__Description of the task__: Using only the entries below, output the lines starting at the one containing "A narrow enclosed" and ending at the one containing "Natural 2 Inch", exactly and inclusive of both, omitting the pictures.

(Stored data)
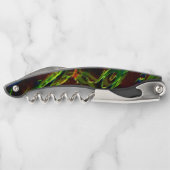 緑が火の上で排出 ソムリエナイフ (裏面)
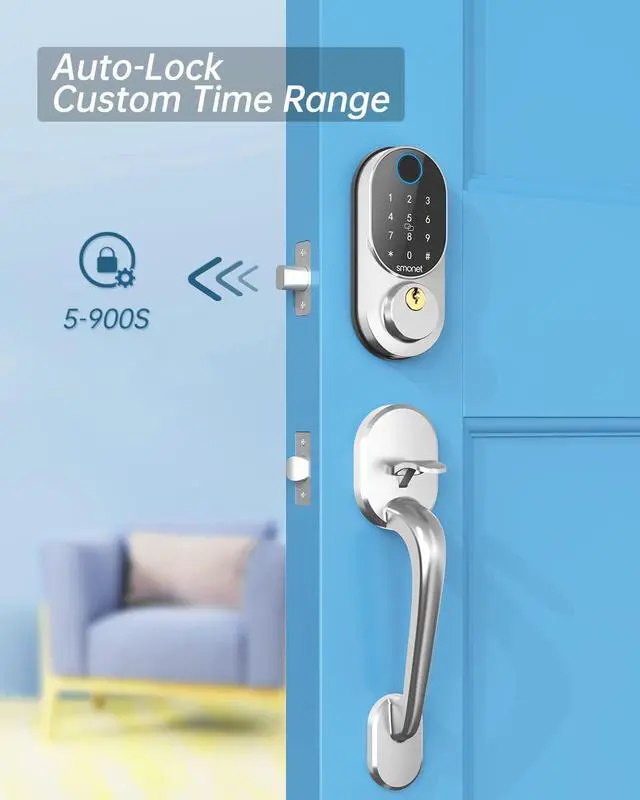 Alt view image 5 of 7 - Fingerprint keypad Door Lock with Handle, SMONET Keyless Entry Front Door Handle Set with Deadbolt Auto Lock,Electronic Biometric Digital Locks with Code,Fobs,Key,Security Home Combination Lock
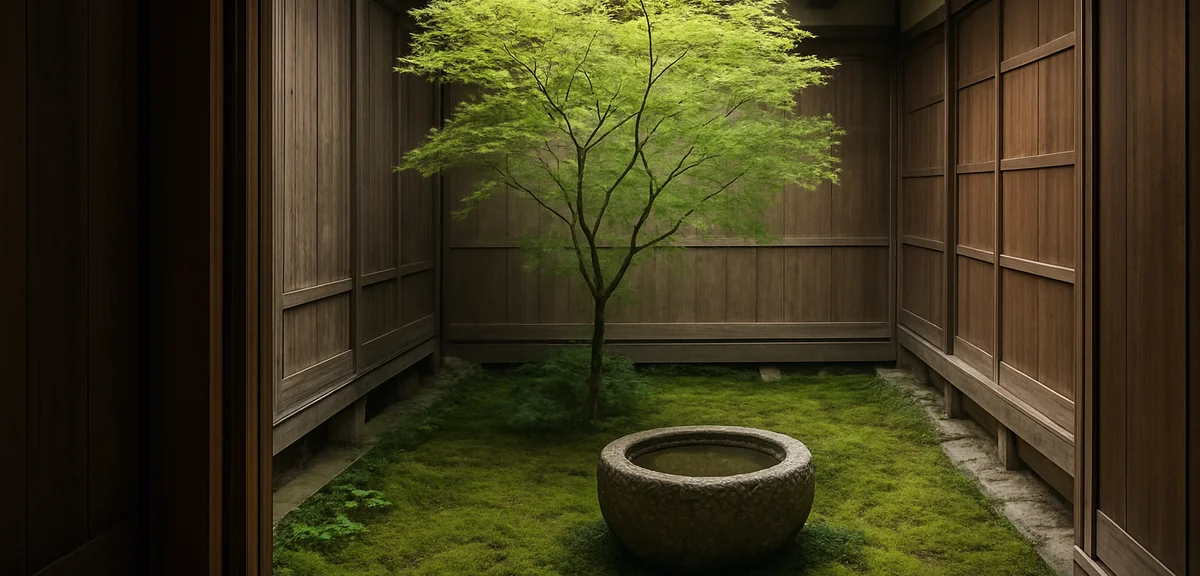 A narrow enclosed courtyard garden between two wooden buildings with a stone water basin, moss groun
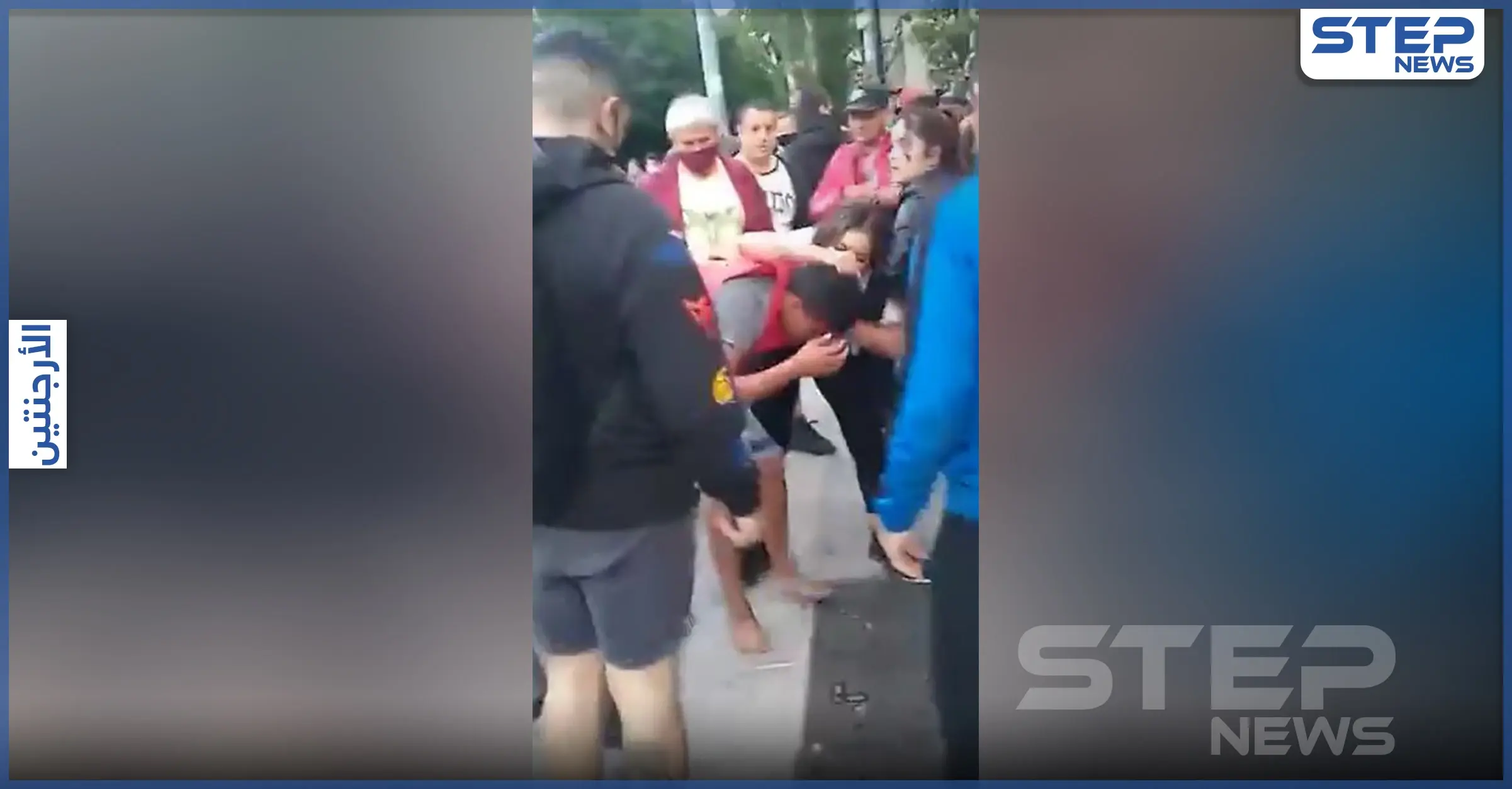 بالفيديو|| وجهه مغطى بـ"الدماء".. لص يسرق هاتف امرأة بالشارع ليتفاجأ بردة فعلها: الشرطة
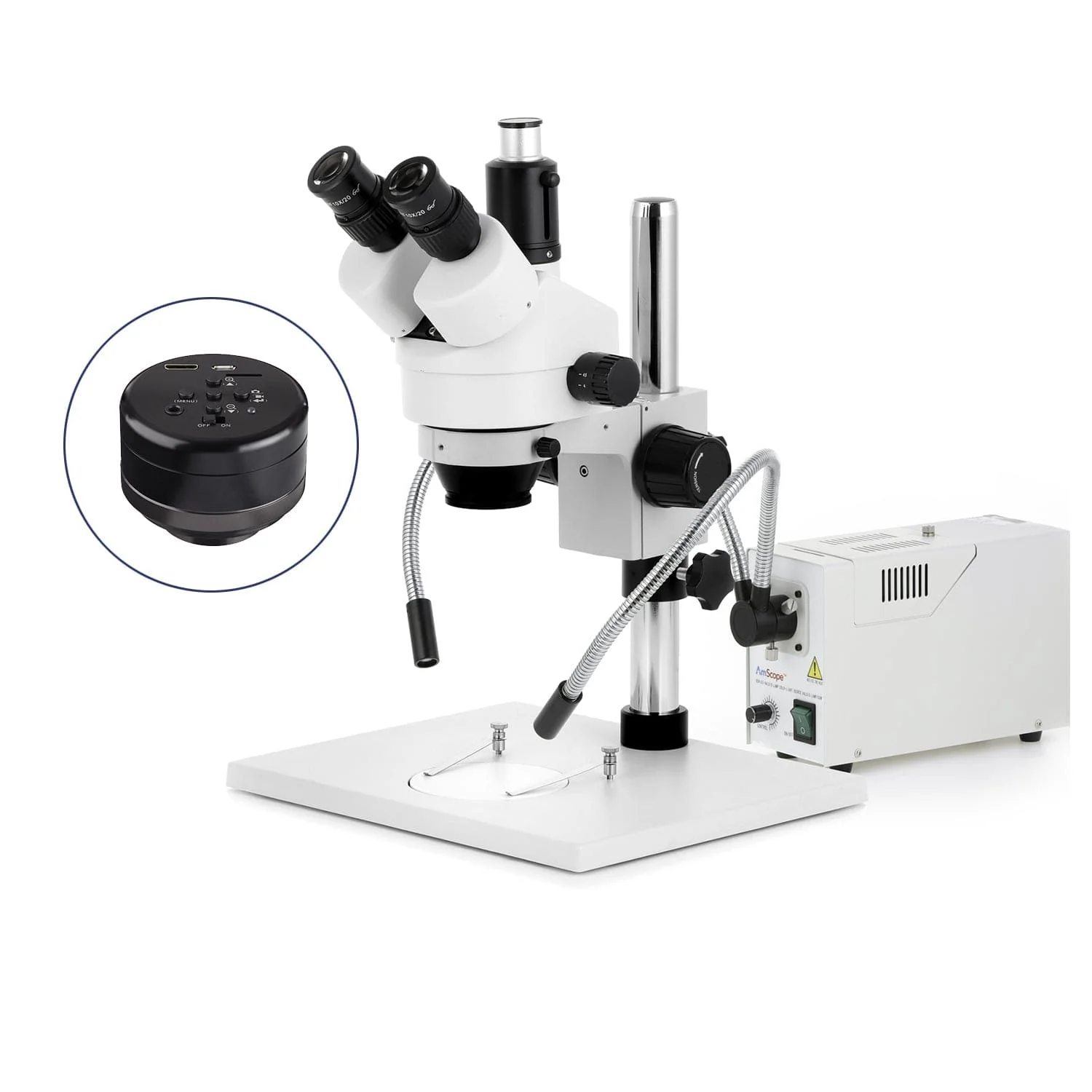 AmScope SM-1 Series Zoom Trinocular Stereo Microscope on Pillar Stand with Extra Large Base Plate w/150W Halogen Dual Fiber Gooseneck Lights and HD Recording Camera - Image 2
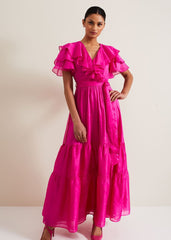 Mabelle Organza Maxi Dress - Fuchsia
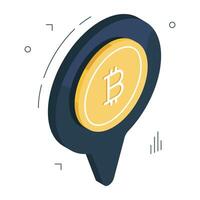 en isometrisk design ikon av bitcoin plats vektor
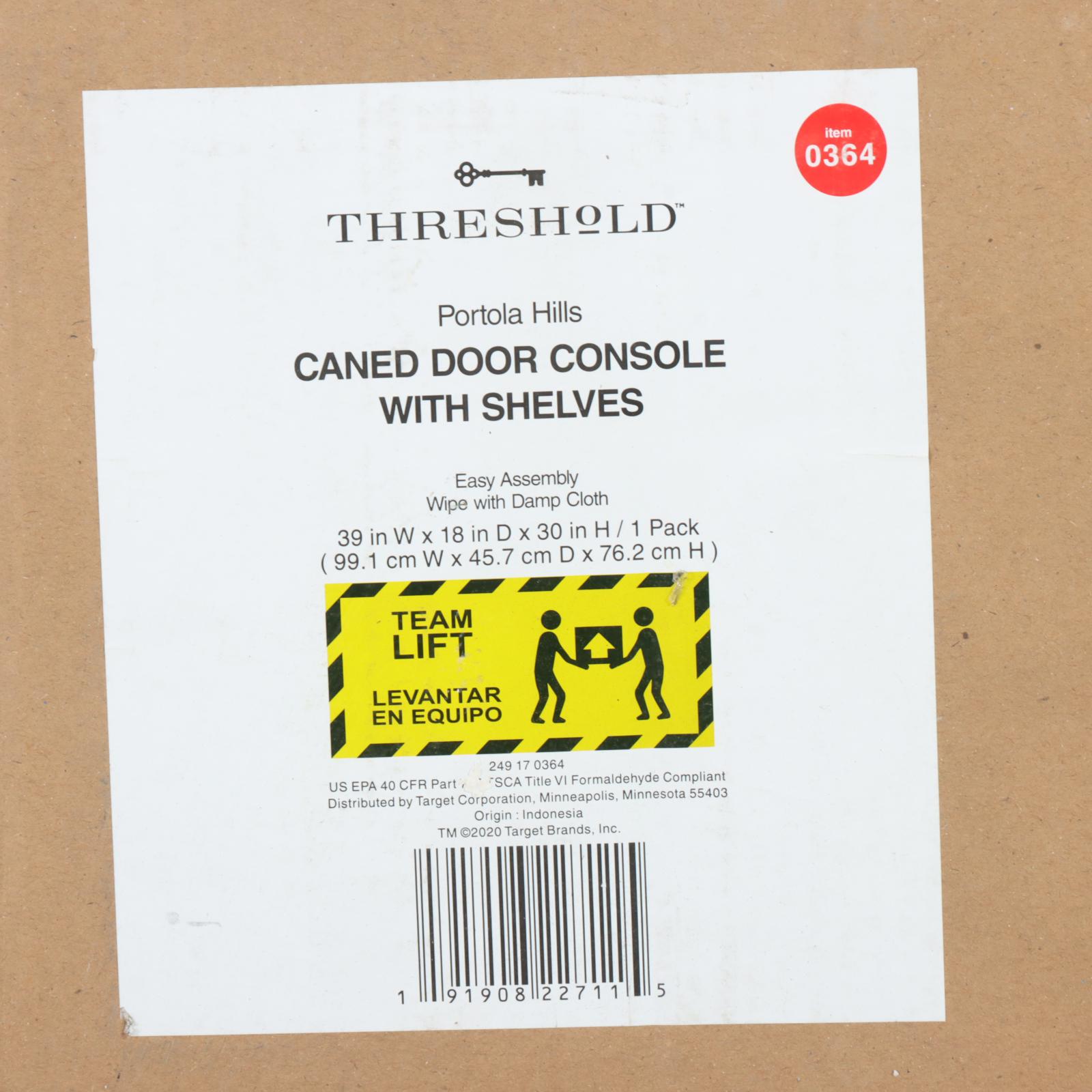 Threshold Portola Hills Caned Door Console With Shelves EBTH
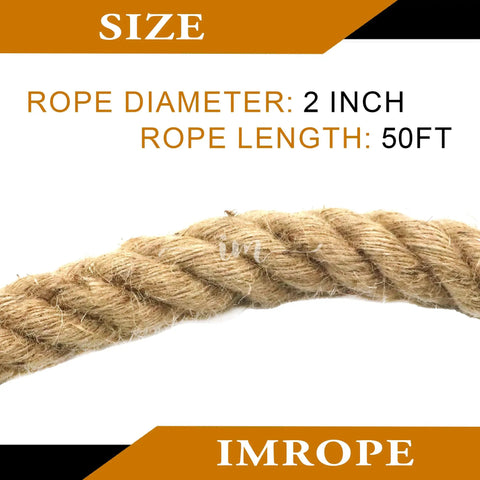Natural 2 Inch By 50 Ft Jute Rope, Twisted 4 Strands shown in close-up with label highlighting size and length.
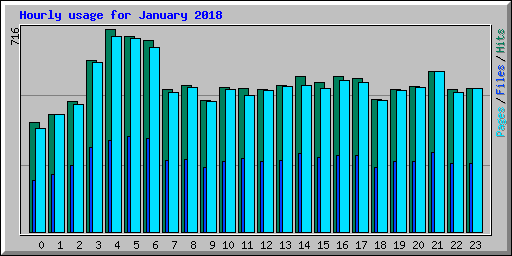 Hourly usage for January 2018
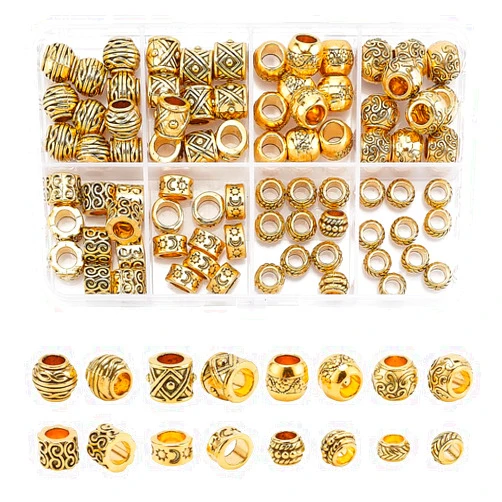 PH PandaHall 80pcs 8 Styles European Beads Tibetan Large Hole Spacers Round Tube Beads 7x4.5mm Antique Gold Spacers for Necklace Bracelet DIY Jewelry Crafts Making, Hole: 5mm
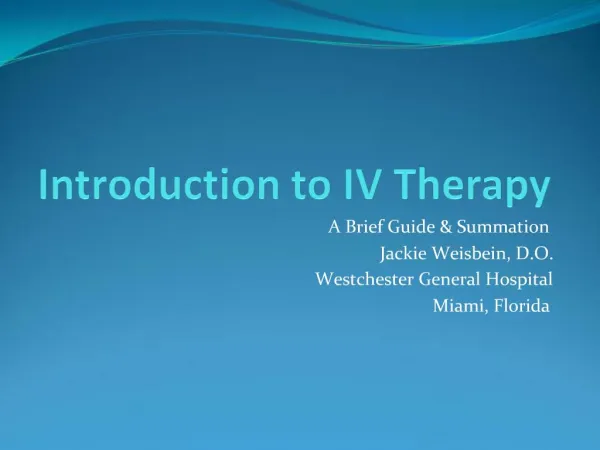 Introduction to IV Therapy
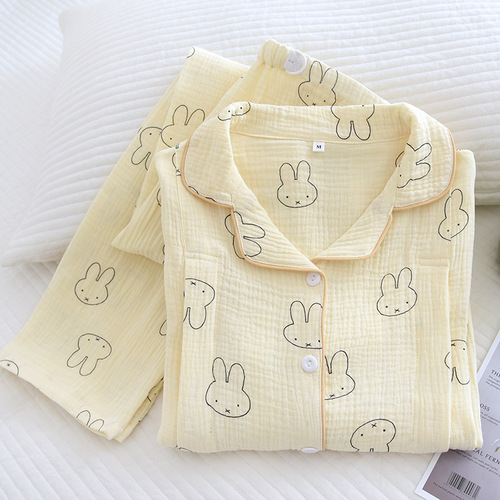 Soft washed crepe nursing pajamas set, cotton lapels with nursing opening, confinement clothes, four-season thin nursing clothes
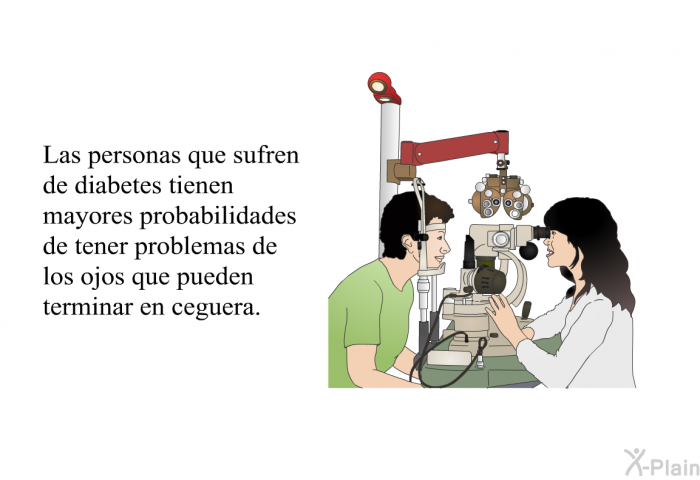 Las personas que sufren de diabetes tienen mayores probabilidades de tener problemas de los ojos que pueden terminar en ceguera.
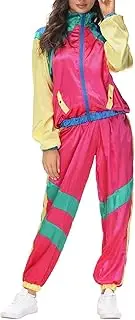 [Generic] 70s 80s Tracksuit for Unisex Long Sleeve Retro Color Block Hip Hop Windbreaker Disco Costume for Mardi Gras Carnival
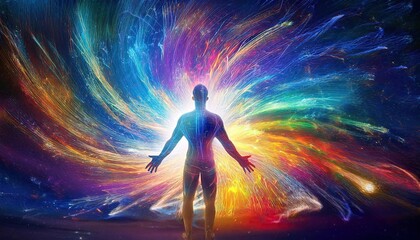 Wall Mural - Surreal Abstraction Reveals a Shifting Human Figure in a Vibrant Cosmic Dimension Filled With Colors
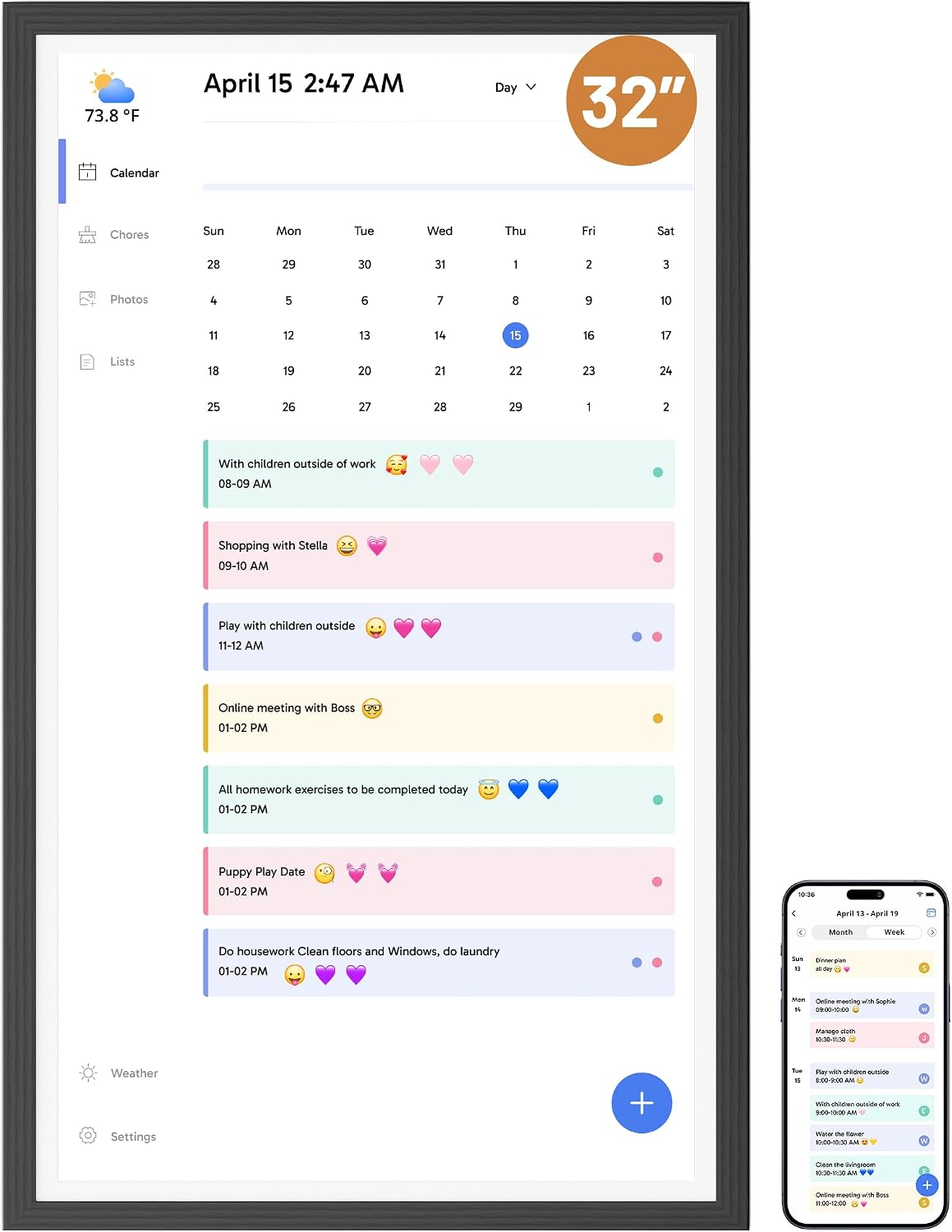 Detalle de Dragon Touch Calendar 32" Digital Family Planner (2026)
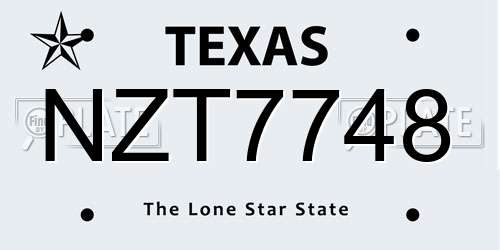 NZT7748 Texas License Plate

__Solution for this exercise__:
 A narrow enclosed courtyard garden between two wooden buildings with a stone water basin, moss groun
 بالفيديو|| وجهه مغطى بـ"الدماء".. لص يسرق هاتف امرأة بالشارع ليتفاجأ بردة فعلها: الشرطة
 AmScope SM-1 Series Zoom Trinocular Stereo Microscope on Pillar Stand with Extra Large Base Plate w/150W Halogen Dual Fiber Gooseneck Lights and HD Recording Camera - Image 2
 Mabelle Organza Maxi Dress - Fuchsia
 en isometrisk design ikon av bitcoin plats vektor
 Threshold Portola Hills Caned Door Console With Shelves EBTH
Natural 2 Inch By 50 Ft Jute Rope, Twisted 4 Strands shown in close-up with label highlighting size and length.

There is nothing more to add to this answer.